··· Data records ···

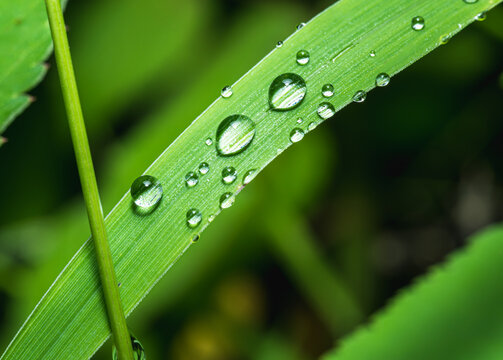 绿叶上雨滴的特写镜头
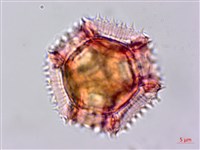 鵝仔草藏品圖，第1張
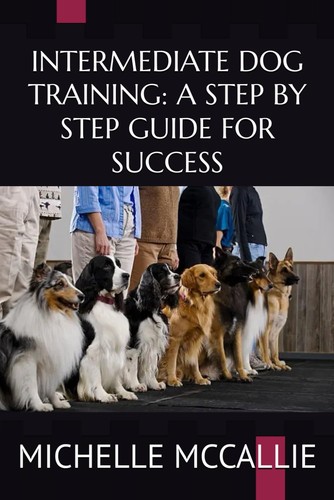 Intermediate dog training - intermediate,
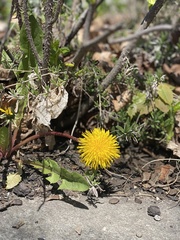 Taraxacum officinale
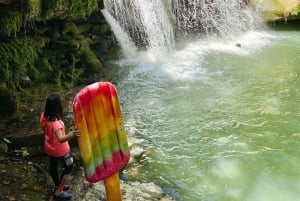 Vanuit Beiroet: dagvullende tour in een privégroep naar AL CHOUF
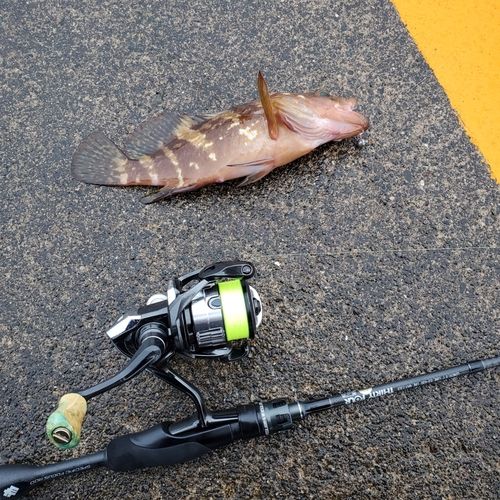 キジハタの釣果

···

◆ Exercise directions:
Write every line above out again exactly; pictures do not belong in the copy.

◆ Reply:
 绿叶上雨滴的特写镜头
 鵝仔草藏品圖，第1張
 Intermediate dog training - intermediate,
 Taraxacum officinale
 Vanuit Beiroet: dagvullende tour in een privégroep naar AL CHOUF
 キジハタの釣果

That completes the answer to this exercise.